My artist friend visited this blog recently and asked me why I hadn’t been blogging. I said that I had been feeling sad for the past few weeks, and didn’t feel creative and able to write anything. She said, “use that sadness in your writing.”
I was reminded of a Neil Gaiman quote:
Life is sometimes hard. Things go wrong, in life and in love and in business and in friendship and in health and in all other ways that life can go wrong. And when things get tough, this is what you should do. Make good art.
Over the past two weeks I have been stretching myself quite a bit, taking on two coaching clients, doing additional coaching drills, and attending extra coach training. I also have my day job to tend to, so I felt very stretched and tired. I realised one of the reasons I was feeling so tired was because I had become very stressed about my results in coaching. Not because my clients weren’t performing well but because I had begun to doubt myself and my coaching ability.
I’ve always doubted myself, and I mean always. Even when I succeed I doubt my success. Even when I’m happy I doubt my happiness. There is never a time when I am not doubting myself. Doubt leads to feeling not good enough, and when I feel not good enough I shrink away. I withdraw and start doing less than what I could.
I love coaching and writing, and both activities require me to put myself out there. I have to bring my entire being into what I do, I have to put my heart and soul into every moment of it. So when I doubt myself or start feeling good enough, my coaching and writing start to shrink as well. The limits I place on myself affect everything I do.
Before I became a coach and a blogger I often asked myself who was I to think I could make a difference to people? Who was I to become great? Then I read the book by James Altucher, “Choose Yourself”. It said that nobody was going to choose me to become great. I had to choose myself. So I chose to pursue my dream. I chose to believe in myself.
Sometimes in our lives we seem to be waiting for something. We’re waiting for someone to give us permission. We’re waiting for someone to choose us. We’re waiting for a hero who will come along and make everything okay.

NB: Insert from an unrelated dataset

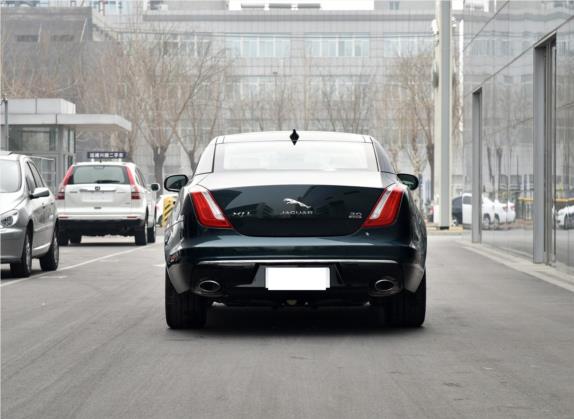 捷豹XJ 2018款 XJL 3.0 SC 四驱全景商务版 外观   正后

I’ve realised that the best person who can give us everything we want is ourselves. We are the ones who can give ourselves the courage and love and encouragement and support we need. If we’re not going to be there for ourselves, then who is? If we don’t believe in our own dreams, who’s going to?
The real fight
We love the superheroes like Wonder Woman and Captain America because they’re larger than life, because they fight the good fight, because they stand for something larger than themselves. That hero is in us too. We can be something more than what we believe we are. We are capable of more than we know. We deserve more than we think we do.
The real fight is not with some terrible amorphous evil out there. The real fight is inside us. We fight our own fear, our own apathy, our own insecurities, our own doubts. We fight the voices inside us that tell us nothing we do matters, that we can’t make a real difference, that we don’t deserve better.
The real fight is in each and every moment of our lives. Each living moment we make a choice to be less than who we could be, or to become more. In each moment we make a stand for courage and greatness, or we fall for fear and doubt. We can choose to believe in possibilities or to succumb to resignation. Whether we win the fight in these little day to day moments determines the long-term quality and potential of our lives.
Making a difference
Even though I have been hearing a voice inside my head to become a writer for half a year now, I procrastinate often. I wonder if I’m good enough to have my words read by people, if what I say matters. But today I put all of that aside. Despite my fear and my apprehension and my worry, I got myself out of bed and wrote this article.
I’ve learned that what we do does make a difference. When I started this blog and shared it on social media, I received messages from friends and acquaintances saying they liked my work and my writing. I never imagined that simply putting myself out there would generate such warm response and support. But the world pleasantly surprised me.
I often wish that I could give more and be more and do more for this world and people around me. Seeing the gap between where I want to be and where I am now is daunting. But that doesn’t stop me today from taking a tiny step closer towards the shining star calling me towards a vision for myself and the world that is great and beautiful.
I wish for you to find the courage and strength to embark on your own journey to discover for yourself who you can be. Imagine the day when all that doubt and fear falls away and all that’s left is a bright diamond reflecting the core of who you are, and everything you do radiates from that light. I believe this is worth every step of the long and arduous journey. And I wish you to join me.